Driving a Porsche, living with his wife Ginger (Melanie Lynskey) in a suburban mansion, he has devoted himself for years to turning corn into profit but now he’s toting wiretapping equipment, working as a ‘confidential informant.’ Once that happens, high-strung Mark is hooked into the spy world, referring to himself as Agent 0014 “because I’m twice as smart as James Bond” and spinning enough tall tales to utterly confuse the FBI agents (Scott Bakula, Joel McHale) who have been assigned to handle the case. Then there’s the indisputable fact that Mark has pocketed some $9 million in kickbacks.

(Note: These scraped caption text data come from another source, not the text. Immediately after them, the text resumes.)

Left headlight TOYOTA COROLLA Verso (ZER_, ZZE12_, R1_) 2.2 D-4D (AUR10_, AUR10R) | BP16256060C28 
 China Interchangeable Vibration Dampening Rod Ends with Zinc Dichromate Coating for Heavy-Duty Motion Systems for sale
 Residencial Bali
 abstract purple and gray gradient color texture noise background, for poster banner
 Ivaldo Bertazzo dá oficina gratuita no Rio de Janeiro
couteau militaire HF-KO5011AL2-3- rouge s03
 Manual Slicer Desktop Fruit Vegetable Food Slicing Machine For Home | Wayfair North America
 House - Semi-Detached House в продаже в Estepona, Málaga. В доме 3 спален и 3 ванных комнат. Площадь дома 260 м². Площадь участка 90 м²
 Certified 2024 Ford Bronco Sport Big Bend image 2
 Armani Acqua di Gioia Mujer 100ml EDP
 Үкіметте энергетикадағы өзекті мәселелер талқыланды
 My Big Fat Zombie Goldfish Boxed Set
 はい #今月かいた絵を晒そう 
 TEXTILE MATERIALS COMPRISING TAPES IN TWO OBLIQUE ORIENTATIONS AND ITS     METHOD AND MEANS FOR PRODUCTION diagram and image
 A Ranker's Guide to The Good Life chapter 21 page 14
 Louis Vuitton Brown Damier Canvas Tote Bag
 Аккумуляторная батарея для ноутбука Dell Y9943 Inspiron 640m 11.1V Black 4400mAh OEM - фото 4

Steven Soderbergh’s ambiguously ironic concept, based on a non-fiction thriller by Ken Eichenwald, bears more of a stylistic resemblance to “Catch Me If You Can” and “Burn After Reading” than serious big-business skullduggery exposes like “Erin Brockovich,” “Norma Rae” or “The Insider.” Yet its ditsy originality stems from screenwriter Scott Z. Burns’ (“The Bourne Ultimatum”) invention of Mark’s antic, extensive voiceover narration, an internal monologue that serves as indisputable evidence of his bipolar disorder. And credit Marvin Hamlisch for setting the delirious tone with his effervescent musical score.
But it’s really Matt Damon’s show. Piling on 30 pounds, wearing a hairpiece and mustache, along with steel-rimmed glasses, and pitching his voice higher than usual, he channels the manic energy that makes the undeniable charm of Mark’s character work, aided and abetted by supporting actors like the Smothers Brothers, Tom Wilson and Tom Papa. On the Granger Movie Gauge of 1 to 10, “The Informant!” is a subversive, hide-and-sneaky 7, verifying that “Everyone in this country is a victim of corporate crime by the time they finish breakfast.”